Da die Rotorblätter heutiger Windkraftanlagen aber zum Teil 50 bis 60 m oder sogar noch länger sind, reicht diese Erfassungszone nicht aus. Auch der Bereich oberhalb der Gondel, also nahezu die komplette obere Hälfte des Rotationskreises der Blätter, wird von den Ultraschalldetektoren nur unzureichend abgedeckt. Und wenn die Fledermäuse nicht direkt auf das Ultraschallmikrofon zufliegen, reduziert sich die Detektionsreichweite weiter drastisch.

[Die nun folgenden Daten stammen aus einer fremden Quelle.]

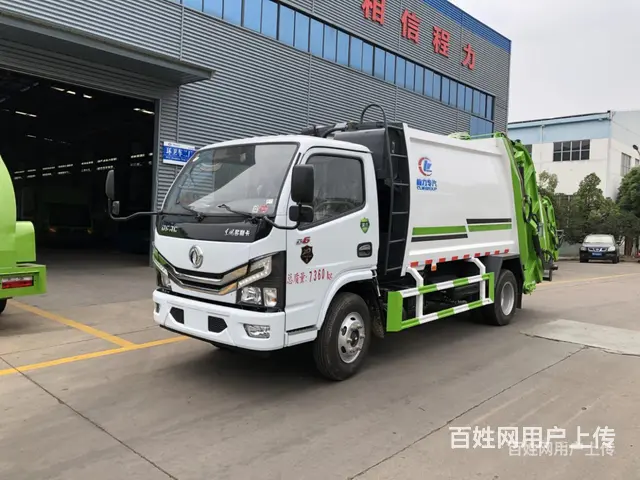 东风6方垃圾车厂家地址的图片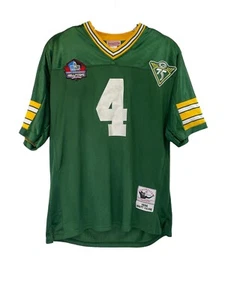 Brett Farve Green Bay Packers Mitchell & Ness Sz 56 1996 Throwback Jersey (G11) - Picture 1 of 7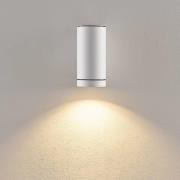 Udendørs væglampe ShoreLine Pro Round, hvid, GU10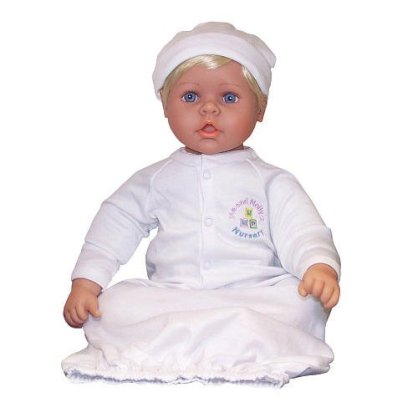 Me and Molly P. 20 inch Nursery Doll - Light Blonde Hair with Blue Eyes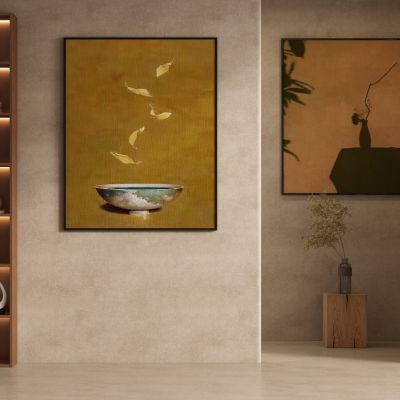 复古中古风装饰画挂画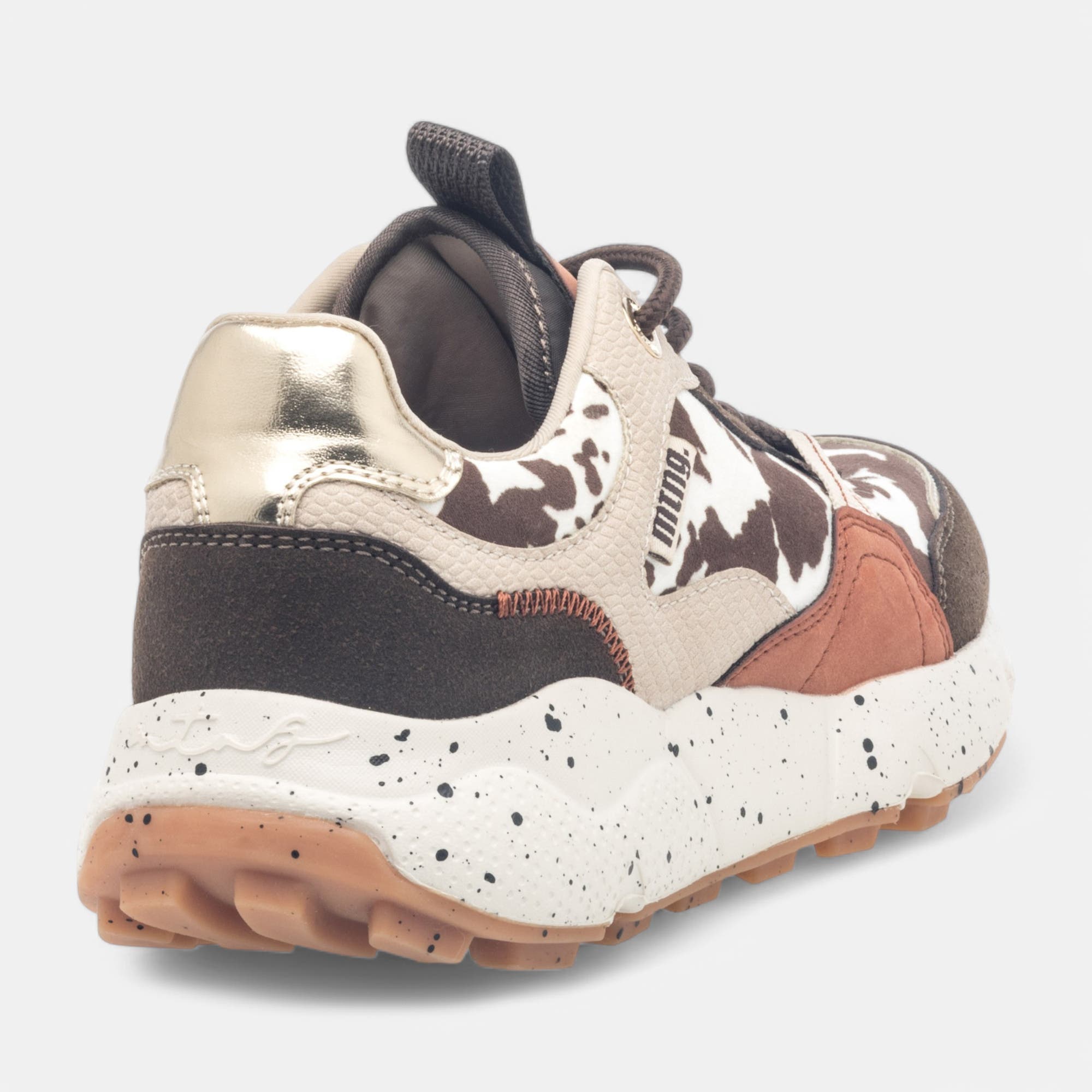 Baskets basses Femme marron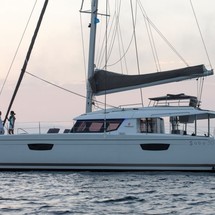 Fountaine Pajot Saba 50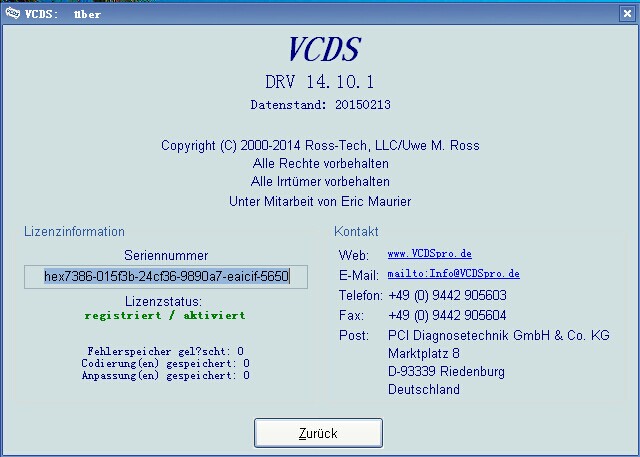 VAG-Diagnosekabel Software-5 VAG-14.10.2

Diese und viele weitere Faktoren schränken die Wirksamkeit der Detektoren ein. Das Kollisionsrisiko wird nur unzureichend widergespiegelt und möglicherweise werden dadurch falsche Auflagen formuliert. Um die Risikozone der Rotorblätter besser abzudecken, empfehlen die Wissenschaftler zusätzliche Detektoren an verschiedenen Stellen, zum Beispiel oberhalb sowie auf der windabgewandten Seite der Gondel. Damit auch Fledermäuse registriert werden, die in niedrigeren Höhen fliegen oder Insekten von der Mastoberfläche sammeln, sei es außerdem ratsam, Ultraschalldetektoren direkt am Mast zu installieren. Ergänzende Sensortechnik wie Radarsysteme oder Wärmebildkameras könnten zusätzliche Informationen liefern, die sicherstellen können, dass die Energiewende nicht auf Kosten der Biodiversität geht.